» Work order
Using the data below, find how many lines include the word "Drive" and report that figure alone.

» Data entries
++++++

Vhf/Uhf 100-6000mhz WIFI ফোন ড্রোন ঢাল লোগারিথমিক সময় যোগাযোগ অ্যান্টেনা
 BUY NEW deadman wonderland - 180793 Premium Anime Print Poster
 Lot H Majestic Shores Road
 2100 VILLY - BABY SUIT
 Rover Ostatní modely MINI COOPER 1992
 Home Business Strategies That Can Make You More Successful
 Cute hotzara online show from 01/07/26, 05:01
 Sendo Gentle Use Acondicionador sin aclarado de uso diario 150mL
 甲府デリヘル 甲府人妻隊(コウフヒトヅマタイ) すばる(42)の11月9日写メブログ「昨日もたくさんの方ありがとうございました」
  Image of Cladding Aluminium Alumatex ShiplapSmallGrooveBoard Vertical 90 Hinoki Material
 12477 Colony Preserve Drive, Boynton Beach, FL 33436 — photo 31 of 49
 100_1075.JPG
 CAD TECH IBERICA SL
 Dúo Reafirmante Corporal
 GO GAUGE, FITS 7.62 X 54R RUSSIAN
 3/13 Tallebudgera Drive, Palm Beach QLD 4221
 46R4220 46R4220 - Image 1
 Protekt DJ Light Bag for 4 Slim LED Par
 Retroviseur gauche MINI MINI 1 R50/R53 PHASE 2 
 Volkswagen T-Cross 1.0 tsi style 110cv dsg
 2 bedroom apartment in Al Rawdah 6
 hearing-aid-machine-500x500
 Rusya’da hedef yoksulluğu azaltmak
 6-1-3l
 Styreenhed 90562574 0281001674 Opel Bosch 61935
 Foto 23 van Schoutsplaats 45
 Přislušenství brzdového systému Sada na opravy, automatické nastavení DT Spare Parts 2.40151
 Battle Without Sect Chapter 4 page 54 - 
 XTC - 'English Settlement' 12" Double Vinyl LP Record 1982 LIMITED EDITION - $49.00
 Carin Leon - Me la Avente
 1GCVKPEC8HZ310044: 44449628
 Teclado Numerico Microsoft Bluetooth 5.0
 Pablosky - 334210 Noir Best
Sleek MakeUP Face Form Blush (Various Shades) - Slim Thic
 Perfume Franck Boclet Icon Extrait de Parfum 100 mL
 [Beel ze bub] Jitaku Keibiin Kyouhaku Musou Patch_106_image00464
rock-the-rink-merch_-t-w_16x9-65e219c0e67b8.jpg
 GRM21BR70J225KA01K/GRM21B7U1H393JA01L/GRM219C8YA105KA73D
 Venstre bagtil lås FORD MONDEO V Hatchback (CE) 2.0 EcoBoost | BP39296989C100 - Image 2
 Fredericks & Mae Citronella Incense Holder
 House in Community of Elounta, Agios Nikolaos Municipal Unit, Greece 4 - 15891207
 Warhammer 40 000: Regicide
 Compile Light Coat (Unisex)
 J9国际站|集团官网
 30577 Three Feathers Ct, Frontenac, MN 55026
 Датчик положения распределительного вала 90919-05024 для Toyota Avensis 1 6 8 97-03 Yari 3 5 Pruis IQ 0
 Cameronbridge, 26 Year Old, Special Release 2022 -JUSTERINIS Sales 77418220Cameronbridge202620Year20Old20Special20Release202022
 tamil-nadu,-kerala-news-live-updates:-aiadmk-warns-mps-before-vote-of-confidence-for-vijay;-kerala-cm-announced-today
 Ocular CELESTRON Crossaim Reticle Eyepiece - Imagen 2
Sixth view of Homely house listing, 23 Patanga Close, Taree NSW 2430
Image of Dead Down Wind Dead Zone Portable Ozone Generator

++++++

» Task result
2